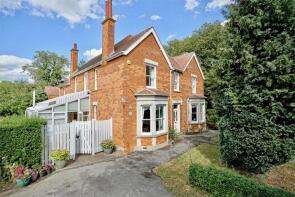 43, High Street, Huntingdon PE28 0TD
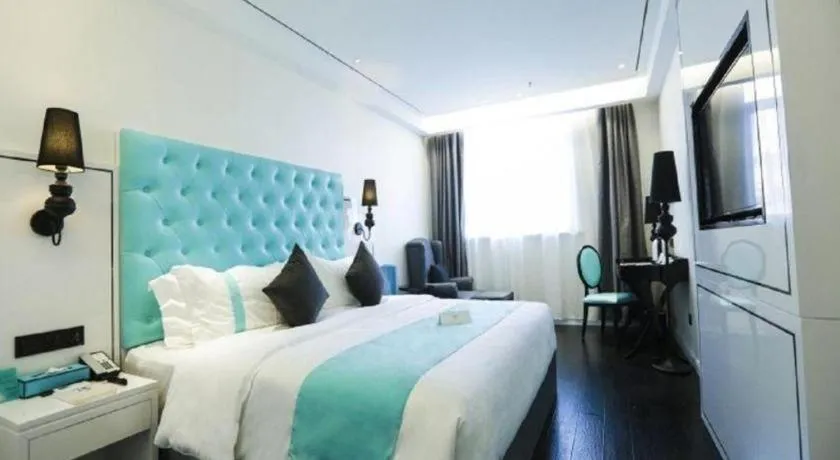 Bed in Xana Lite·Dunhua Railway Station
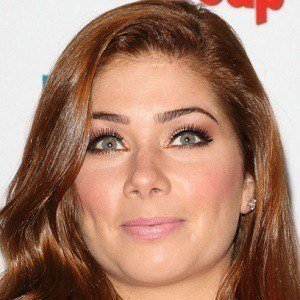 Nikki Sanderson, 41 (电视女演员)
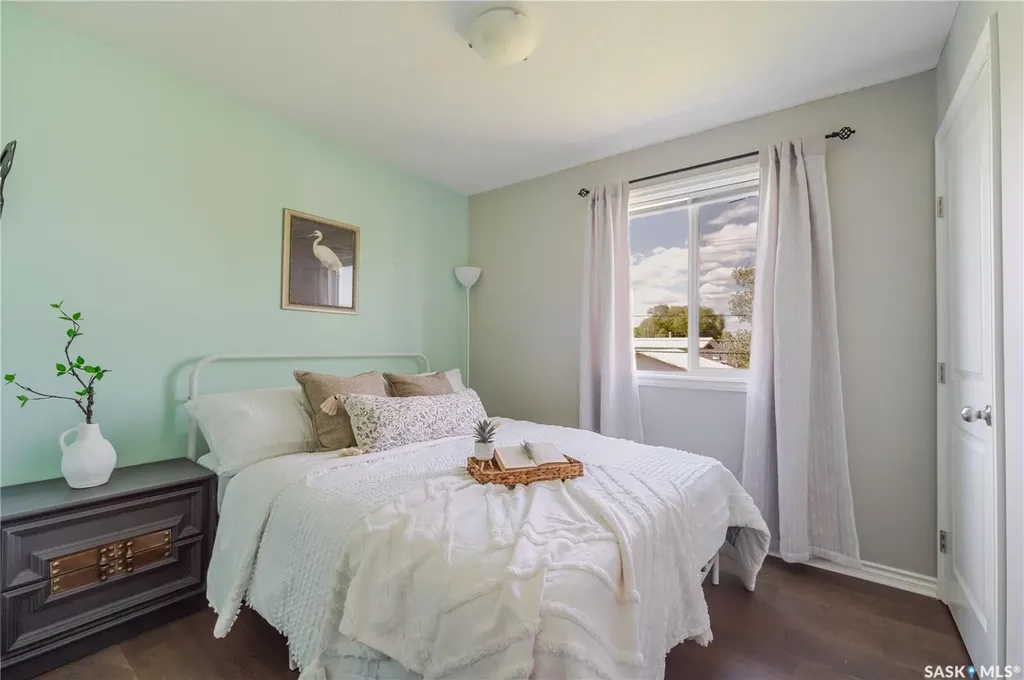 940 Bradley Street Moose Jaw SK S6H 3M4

+-------+

(REQUIRED ACTION): Word for word, return the material above, but drop the pictures.

(TASK RESPONSE):
 43, High Street, Huntingdon PE28 0TD
 Bed in Xana Lite·Dunhua Railway Station
 Nikki Sanderson, 41 (电视女演员)
 940 Bradley Street Moose Jaw SK S6H 3M4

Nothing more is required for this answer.